Monday, October 27, 2003

 

Telepocalypse: Telecom Strategy in the Age of End-to-End Networks

Martin Geddes' Telepocalypse blog has put a buzz in my brain. (Thanks to Jorge Ortiz and Kevin Werbach for a pair of simultaneous converging pointers.) I've added Geddes to my blogroll.

In one recent article, Geddes observes that Ryan Air is rethinking transport in a way that could be instructive for telecom. He observes that 40-some percent of the revenues of BAA, the company that runs most of the UK's airports, is due to shopping, parking, etc. Further to this, he notes that Ryan Air is "heading towards a model of 'reverse landing fees', where they get paid to deliver wallets within reach of geographically-bound businesses." They're launching new routes from Prestwick, a private airport near Glasgow, and the Scottish government is softening up.
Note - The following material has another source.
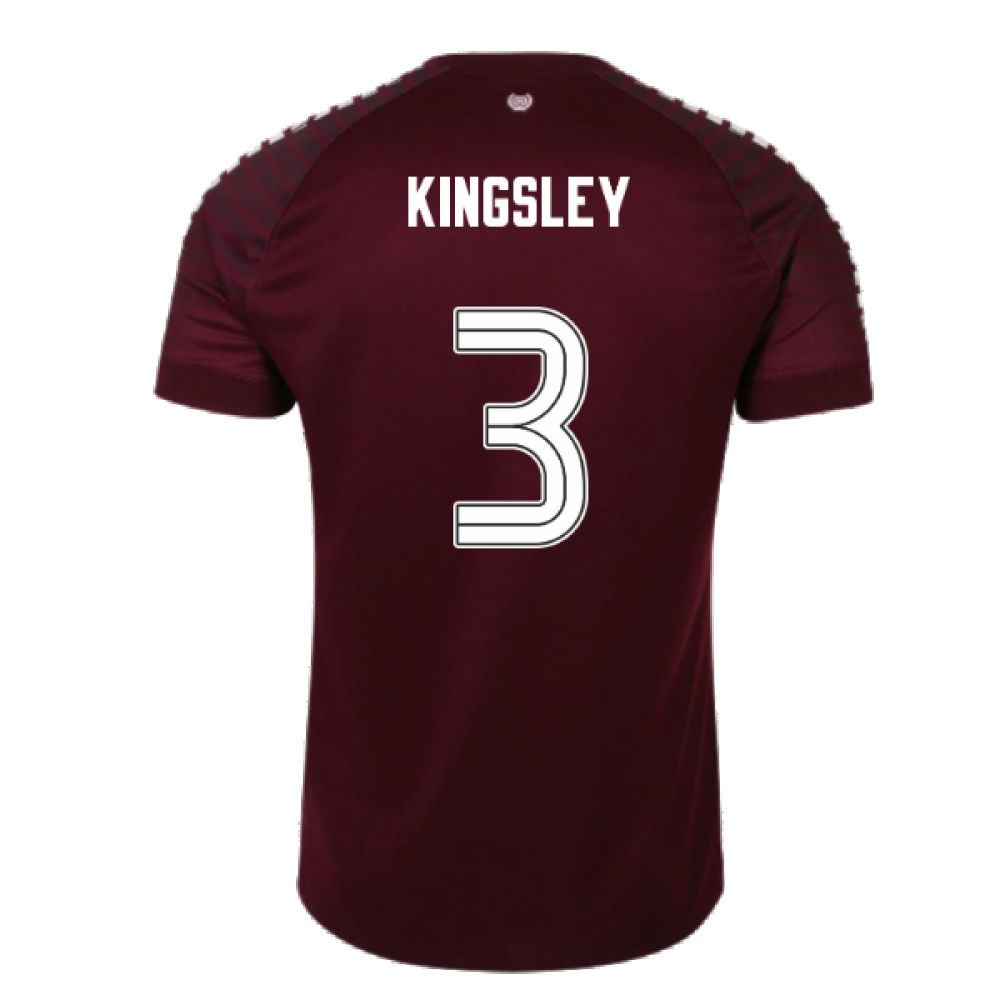 2023-2024 Hearts Home Shirt (Kids) (KINGSLEY 3)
This generalizes to telecom in a couple of ways. First, Ryan Air rethought its place in the value chain. Second, Ryan Air was not locked into one infrastructure provider.

In another article, Geddes speculates on why Vonage might fail. (Might fail? I'd say it's all but stone-certain!) He says that Vonage is locked into the old telephony paradigm by the single-function Cisco ATA-186, and that Vonage is trying to arbitrage around all the regulatory baggage of local-loop-classic (i.e., taxes, universal service fund, etc.). In other words, Vonage wants to be a low cost player in the old value space. Geddes observes, correctly, that to succeed Vonage will have to do something that the phone company **can't** do. Correct again.

As Jonathan Rosenberg, co-creator of SIP, says, "The killer communications apps have not been discovered yet." (That's a paraphrase.) As Clayton Christensen says, "Compete against non-consumption." New forms won't start out looking anything like the old forms, but they will expand into the value space of the old forms. The trick is to find the new forms.

The old space is easy enough to move into. Addaline.com is a 7-person mom-and-pop ISP with no special voice expertise, but it saw voice as a new source of ISP revenue, so it is providing credible competition to Vonage in a handful of area codes. Others will follow, decimating the revenue base of the telcos.

Geddes is right that Vonage does not address the long run impact of VOIP -- the important thing won't be voice, it will be what you can do over IP.